Indian Reorganization Act.

An outstanding grievance of the Indians of the United States is the failure of Congress to authorize a settlement of Indian claims growing out of alleged disregard of treaties in the disposition of Indian lands. However, the Court of Claims has recently made an award to two tribes and Congress appropriated $4,599,987.02 to the Shoshone of the Wind River reservation in Wyoming, and $5,598,635.43 to the Klamath of Oregon. Per capita distribution of these amounts was arranged under restrictions agreed to by the tribe, limiting the use of the funds to economic reconstruction in the form of land purchases, home building, and similar forms of permanent investment.

Two hundred fifty of the tribes or groups eligible to organize under the Indian Reorganization Act, and its Alaska and Oklahoma supplements, have voted to accept the Act, and 132 of these have received charters giving them corporate status and making them eligible for loans under the credit provisions of the Act and to receive other benefits. Numerous suggestions for changes in the Act were aired before Congress, but none was approved.

An item in the President's third reorganization plan transferred from the Department of Agriculture to the Department of the Interior soil conservation activities on Indian reservations which will hereafter be administered by the Indian Service. In view of the serious nature of the soil depletion and overgrazing of Indian-owned land, this may be most significant.

Conference on Indian Life.

The First Inter-American Conference on Indian Life assembled in Patzcuaro, Mexico, on April 24, 1940, involving representatives of 19 American republics.
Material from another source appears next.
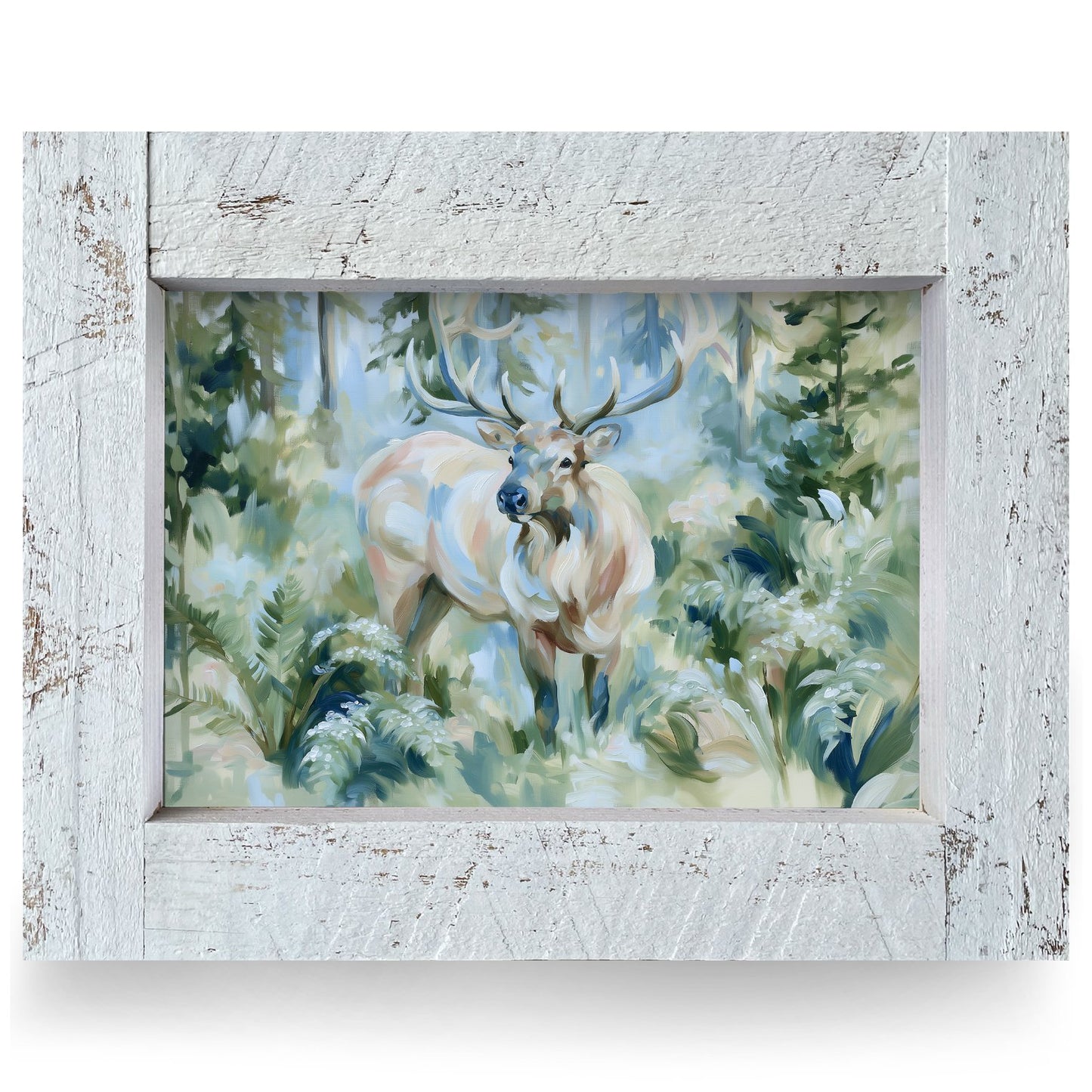 Misty Forest Elk | Real Wood Framed Wall Art Print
Haiti, which has no Indians, was not invited, Paraguay was not able to be represented, Canada abstained from participation. Official delegates and representatives of the Indian population were both in attendance. The social, political, educational, and physical welfare of the 30,000,000 Indian inhabitants of the three Americas was for the first time considered. The Congress voted the establishment, subject to ratification by five governments, of a permanent agency for inter-American cooperation on behalf of Indians.

Health.

The incidence of trachoma among the Indian population is far greater than among the white population, ranging from four or five per cent in some areas, to as high as forty per cent in others. In 1938 the Medical Division of the Office of Indian Affairs announced that its research had finally established that trachoma is a virus disease. Since that time experimentation with sulfanilamide and neopontosil give evidence that these drugs may prove a specific for the arrestment or cure of trachoma.

Compendium of Laws.

A compendium of Federal laws and treaties relating to Indians, in 46 volumes, was completed by the Solicitor's Office of the Department of the Interior during the year.

Registration under Selective Service.

It is estimated that 99 per cent of eligibles among the Indian tribes of the United States registered under the Selective Service Act on Oct. 16, 1940. In view of the fact that large numbers of the more isolated members of some of the Southwest tribes do not speak English, and that a few tribes are technically still at war with the United States, the response was considered exceedingly gratifying. Indians generally were not subject to draft in 1917, but because of the Act of 1924 extending full citizenship to all Indians, they were included in 1940.